Concerns about the safety of the LGBTQ community, financial health and intimate partner violence can have an effect on physical health among sexual minorities, according to researchers at the Medical College of Georgia at Augusta University. Those worries seem have more influence than experiences with discrimination.
It’s been well researched and widely accepted that sexual minorities experience stressors, like discrimination and safety concerns, which have been linked to many physical and mental health conditions, says James Griffin, an MCG psychology intern studying with Dr. Lara Stepleman, director of HIV and Multiple Sclerosis Psychological Services for the medical school.
“The effects of minority stress on things like mental health have been widely reported, but recently researchers have begun looking at how it’s related to other health outcomes,” Griffin says.
“We wanted to look at lifetime experiences of stigma or discrimination and how that might influence physical health, but we also wanted to look at a number of other variables that are very much related,” he says of the MCG study, which is being presented by Stepleman at the Annual Meeting of the American Psychosomatic Society this week in Sevilla, Spain.
Recent studies by the Williams Institute, a legal research group out of the University of California, Los Angeles School of Law that advocates for sexual minorities, have shown that the southern region, as a whole, is a poor social climate that is not perceived as a safe place for the LGBTQ community. Those perceptions are based on prevailing attitudes toward same-sex rights, legal protections, even general attitudes. Their studies also showed that sexual minorities in the south have the lowest rates of health insurance and that same-sex households have significantly lower incomes, which could be due to things like discrimination in of hiring. Nationally, sexual minority men also experience elevated rates of intimate partner violence.
To find out how those variables relate to physical health, researchers asked 241 lesbian, gay and bisexual adults in and around Augusta, who had participated in a larger community health needs assessment run by Stepleman, about their experiences with discrimination, intimate partner violence, perceptions about safety in the community and their current financial concerns. They also asked participants about the number of days they’d felt poorly in the past month.

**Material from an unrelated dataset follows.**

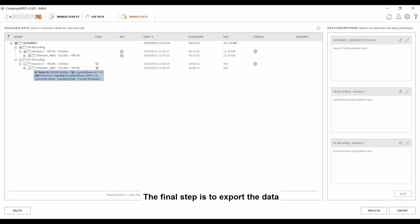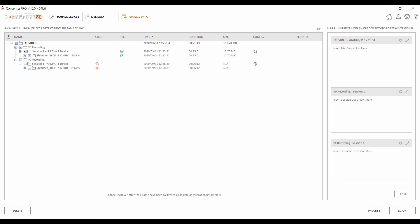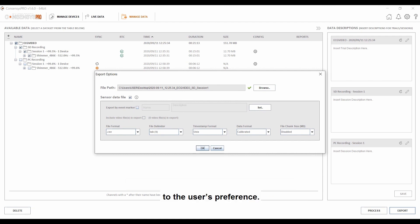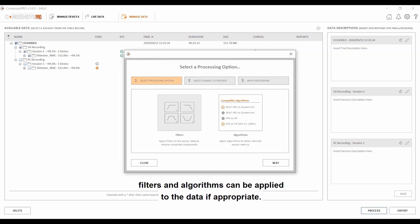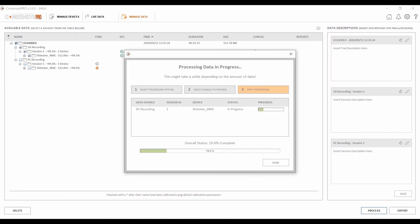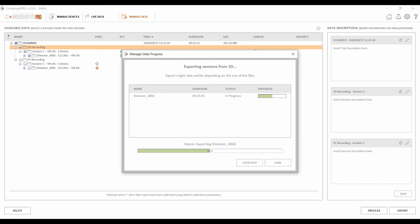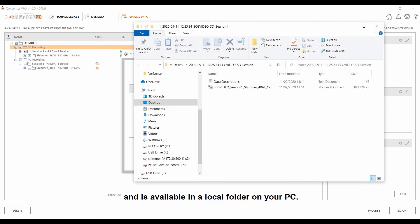The final step is to export the data if we wish to process it further in data manipulation programs such as MATLAB. We select the trial or trials that we want to export. The raw data can be exported in a number of different data and time formats to the user's preference. Also, at this point, filters and algorithms can be applied to the data if appropriate. Finally, we can see that the data has been exported and is available in a local folder on your PC.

Griffin and his colleagues found that people reported a greater number of days that they didn’t feel well when they had experienced concerns about finances and safety of LGBTQ individuals in the community. These concerns outweighed effects of lifetime experiences with discrimination. In fact, most respondents – 65 percent – said they had not experienced a major form of discrimination based on their sexual orientation.
“These findings suggest that lifetime experiences of discrimination are not as directly influential on recent physical health,” he says. “Experiences with partner violence, poor financial situations and the perception that the area is unsafe actually have more influence on perceived physical health. We know from research that self-perception of health is actually linked to biomarkers of poor health.”

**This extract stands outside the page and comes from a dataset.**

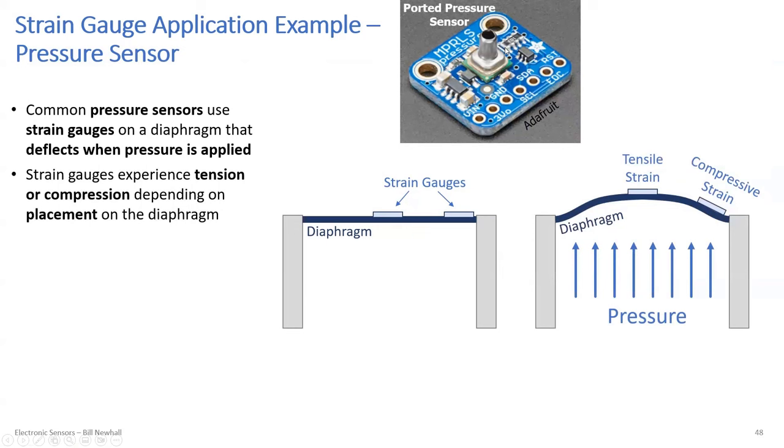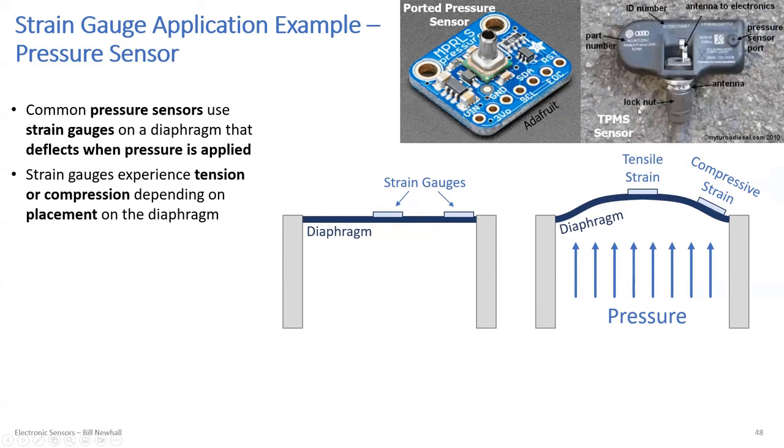You can buy pressure sensors already mounted on a board, like an Adafruit example with breakout pins. A good application is the tire pressure management system in cars: the pressure sensor is mounted near the Schrader valve inside the wheel and broadcasts pressure data by radio frequency to a receiver in the car, which can monitor all four tires and the spare.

There’s a dearth of research in this area, so follow-up studies could look at how each variable specifically influences behaviors related to health outcomes, like seeking support, Griffin explained.
“But a big part of it is advocacy,” he says. “There’s a need for better health care resources for sexual minorities and a greater network of support that includes a visible community where there are places to go, people to talk to, for someone who has been victimized for instance, and resources for people who are struggling financially.”